[compiler-rt] c584c42 - [asan] Speed up ASan ODR indicator-based checking (#100923)

via llvm-commits llvm-commits at lists.llvm.org
Thu Aug 1 13:58:19 PDT 2024


Author: Artem Pianykh
Date: 2024-08-01T13:58:14-07:00
New Revision: c584c4227105c2aae332ee2a2099c9df6c3a3e1c

URL: https://github.com/llvm/llvm-project/commit/c584c4227105c2aae332ee2a2099c9df6c3a3e1c
DIFF: https://github.com/llvm/llvm-project/commit/c584c4227105c2aae332ee2a2099c9df6c3a3e1c.diff

LOG: [asan] Speed up ASan ODR indicator-based checking (#100923)

**Summary**:
When ASan checks for a potential ODR violation on a global it loops over
a linked list of all globals to find those with the matching value of an
indicator. With the default setting 'detect_odr_violation=1', ASan
doesn't report violations on same-size globals but it still has to
traverse the list.
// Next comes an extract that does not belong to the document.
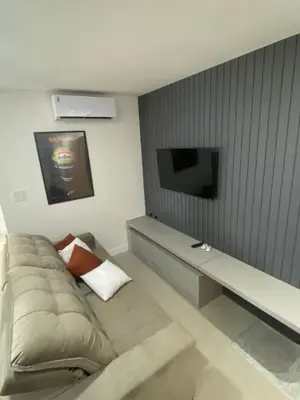 Uma televisão e/ou sistema de entretenimento em Apartment overlooking the ocean near the Central Beach
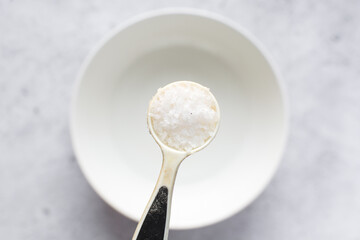 Overhead view of maldon salt in a teaspoon, a teaspoon of sea salt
For larger binaries with a ton of shared libs and
globals (and a non-trivial volume of same-sized duplicates) this gets
extremely expensive.

This patch adds an indicator indexed (multi-)map of globals to speed up
the search.

> Note: asan used to use a map to store globals a while ago which was
replaced with a list when the codebase [moved off of
STL](https://github.com/llvm/llvm-project/commit/e4bada2c946e5399fc37bd67421de01c0047ad38).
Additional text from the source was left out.